> [Task instructions]: Only the lines from the top of the data through the line with "Escritório Contábil Santa Rita স্ক্রিনশট" should be repeated, each exactly as written.
Dataset entries: Begin
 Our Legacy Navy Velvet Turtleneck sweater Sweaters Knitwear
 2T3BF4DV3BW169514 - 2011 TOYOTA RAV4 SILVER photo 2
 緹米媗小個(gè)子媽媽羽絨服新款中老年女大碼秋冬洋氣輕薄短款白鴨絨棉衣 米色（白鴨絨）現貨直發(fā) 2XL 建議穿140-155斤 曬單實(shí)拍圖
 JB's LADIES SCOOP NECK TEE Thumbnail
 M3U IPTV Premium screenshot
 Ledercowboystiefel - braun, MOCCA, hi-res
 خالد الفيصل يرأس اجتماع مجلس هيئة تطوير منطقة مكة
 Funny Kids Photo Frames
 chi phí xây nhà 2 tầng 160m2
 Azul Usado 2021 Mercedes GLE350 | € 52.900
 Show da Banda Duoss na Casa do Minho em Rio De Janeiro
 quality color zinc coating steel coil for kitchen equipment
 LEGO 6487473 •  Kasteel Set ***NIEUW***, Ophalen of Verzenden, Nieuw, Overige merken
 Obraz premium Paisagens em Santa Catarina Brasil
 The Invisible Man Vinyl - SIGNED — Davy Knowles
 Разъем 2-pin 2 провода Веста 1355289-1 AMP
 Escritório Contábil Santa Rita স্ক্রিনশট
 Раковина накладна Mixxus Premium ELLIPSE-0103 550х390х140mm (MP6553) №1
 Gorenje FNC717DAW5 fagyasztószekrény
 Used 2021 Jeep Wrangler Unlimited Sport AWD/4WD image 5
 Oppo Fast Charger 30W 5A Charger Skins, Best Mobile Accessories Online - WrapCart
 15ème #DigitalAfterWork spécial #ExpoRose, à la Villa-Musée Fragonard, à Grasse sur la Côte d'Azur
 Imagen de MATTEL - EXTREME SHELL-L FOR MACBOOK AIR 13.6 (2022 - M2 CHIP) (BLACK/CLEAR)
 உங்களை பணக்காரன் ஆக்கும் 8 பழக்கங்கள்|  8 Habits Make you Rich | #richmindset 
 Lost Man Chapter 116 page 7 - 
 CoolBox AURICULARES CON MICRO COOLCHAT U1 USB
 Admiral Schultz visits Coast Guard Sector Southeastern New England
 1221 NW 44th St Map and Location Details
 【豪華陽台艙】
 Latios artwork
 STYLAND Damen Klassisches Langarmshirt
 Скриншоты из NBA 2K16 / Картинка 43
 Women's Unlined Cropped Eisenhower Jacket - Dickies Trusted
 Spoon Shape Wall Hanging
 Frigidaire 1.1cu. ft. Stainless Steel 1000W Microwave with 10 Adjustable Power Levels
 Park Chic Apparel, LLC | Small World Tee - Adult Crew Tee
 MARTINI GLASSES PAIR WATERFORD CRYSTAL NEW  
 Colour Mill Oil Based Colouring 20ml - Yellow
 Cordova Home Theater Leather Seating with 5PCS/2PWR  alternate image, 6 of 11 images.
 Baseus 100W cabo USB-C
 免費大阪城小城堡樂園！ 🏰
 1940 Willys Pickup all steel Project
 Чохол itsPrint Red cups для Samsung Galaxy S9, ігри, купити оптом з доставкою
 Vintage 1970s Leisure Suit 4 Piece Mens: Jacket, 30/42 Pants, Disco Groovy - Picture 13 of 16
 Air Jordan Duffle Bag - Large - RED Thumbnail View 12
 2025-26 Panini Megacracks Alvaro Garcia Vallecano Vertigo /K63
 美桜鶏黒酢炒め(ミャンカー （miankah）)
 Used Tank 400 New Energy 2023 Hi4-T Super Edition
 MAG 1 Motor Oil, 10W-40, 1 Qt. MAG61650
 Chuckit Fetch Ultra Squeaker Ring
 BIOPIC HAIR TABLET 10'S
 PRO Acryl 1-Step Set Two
Dataset entries: End
> [Final answer]:
 Our Legacy Navy Velvet Turtleneck sweater Sweaters Knitwear
 2T3BF4DV3BW169514 - 2011 TOYOTA RAV4 SILVER photo 2
 緹米媗小個(gè)子媽媽羽絨服新款中老年女大碼秋冬洋氣輕薄短款白鴨絨棉衣 米色（白鴨絨）現貨直發(fā) 2XL 建議穿140-155斤 曬單實(shí)拍圖
 JB's LADIES SCOOP NECK TEE Thumbnail
 M3U IPTV Premium screenshot
 Ledercowboystiefel - braun, MOCCA, hi-res
 خالد الفيصل يرأس اجتماع مجلس هيئة تطوير منطقة مكة
 Funny Kids Photo Frames
 chi phí xây nhà 2 tầng 160m2
 Azul Usado 2021 Mercedes GLE350 | € 52.900
 Show da Banda Duoss na Casa do Minho em Rio De Janeiro
 quality color zinc coating steel coil for kitchen equipment
 LEGO 6487473 •  Kasteel Set ***NIEUW***, Ophalen of Verzenden, Nieuw, Overige merken
 Obraz premium Paisagens em Santa Catarina Brasil
 The Invisible Man Vinyl - SIGNED — Davy Knowles
 Разъем 2-pin 2 провода Веста 1355289-1 AMP
 Escritório Contábil Santa Rita স্ক্রিনশট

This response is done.